I understand that! Alcohol is a tough one because it DOES make you eat more. You have a few drinks and think “screw it! I’m eating FRIES!” Ooops. It’s hard to be strong then.
It’s funny, I never really got shamed with food because I did a lot of secret eating. Comments to me were always about my body, which was horrible. I have a pretty good relationship with food now, but it took a while to feel like it was okay to eat certain types of food in public without feeling like I wasn’t supposed to be eating them.
Lori recently posted..Being busy!
SECRET EATING! Yes! I hid a lot of my eating too. Especially the candy. I’d hide that in my room and eat it without people seeing me.

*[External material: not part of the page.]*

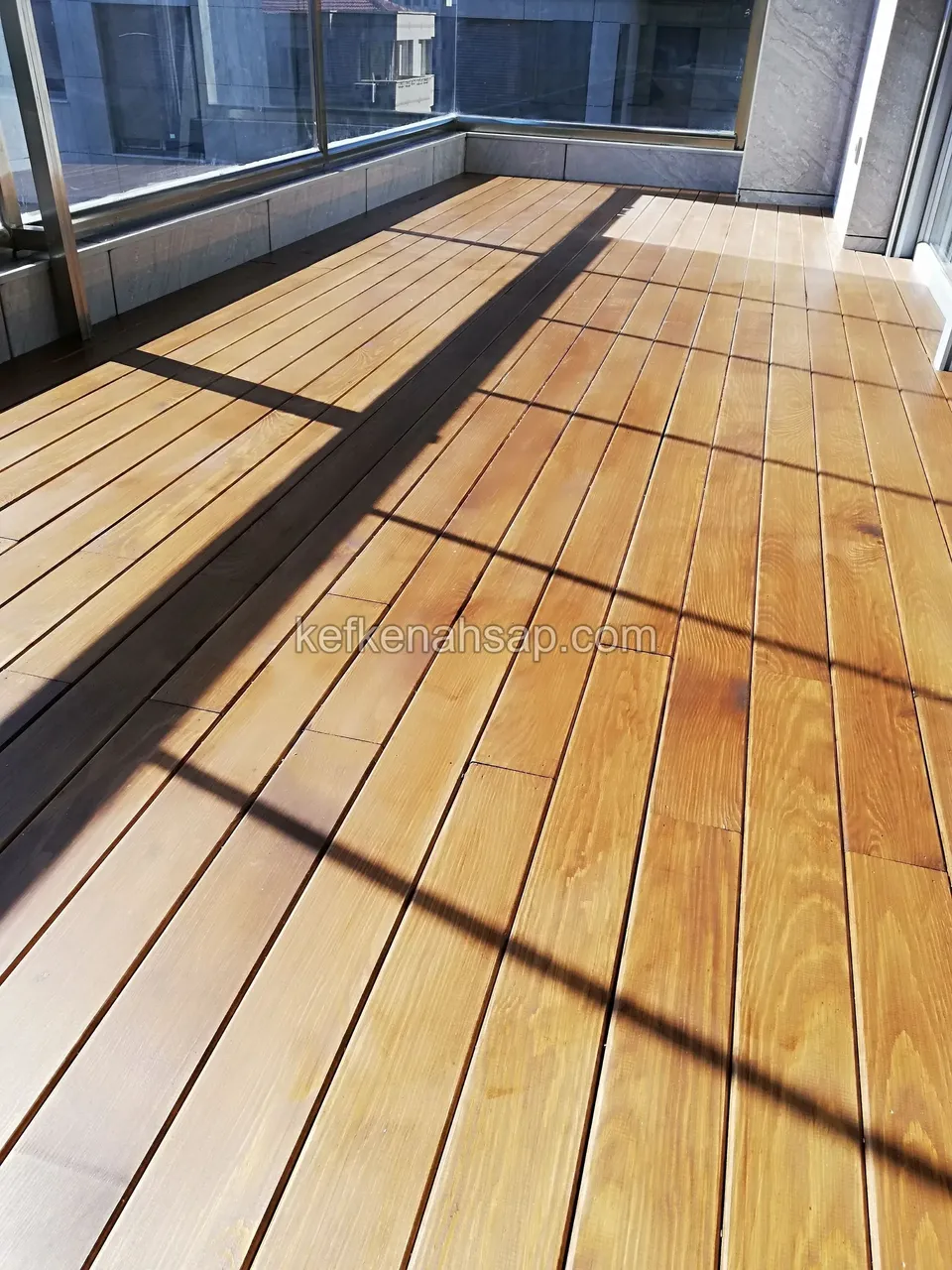 Yellow-brown timber deck boards laid into the corner of a glazed balcony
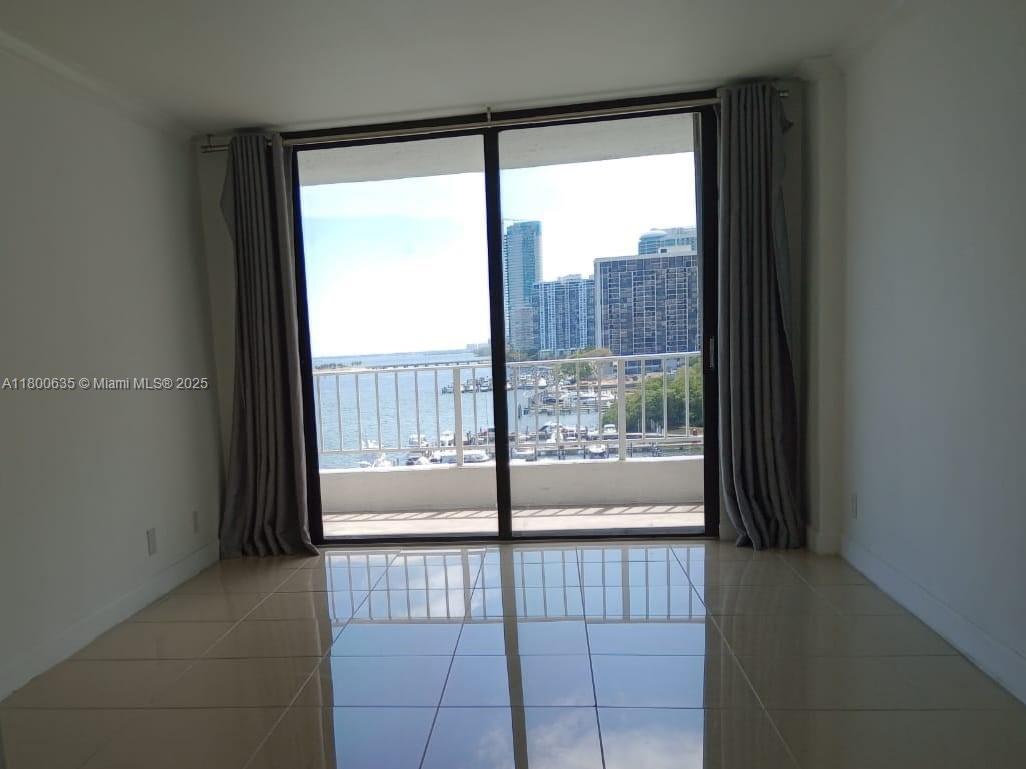 200 Southeast 15th Road, Unit 9B Miami, FL 33129 - Photo 8 of 39 a view of a glass door and the balcony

My father would always puff out his cheeks at me when I would eat. Even at meal times if I had seconds.. there he would be at the head of the table puffing his cheeks out at me. I still think of this sometimes when I am eating an indulgence. I can still feel the feelings that I felt back them. The shame. I try my best to just put it out of my mind. The other shaming memory I have is my brother singing to me “Fat People Got No Reason” to the tune of “Short People” by Randy Newman. I am 41 now and should not let these things bother me, but they are still a part of who I am today.
Jill recently posted..10 Things About Me
Wow, Jill. Thanks for sharing that memory. That’s a really hurtful way. I know your dad and bro were probably just teasing–that’s kind of the way dads and brothers were. But it’s still hurtful.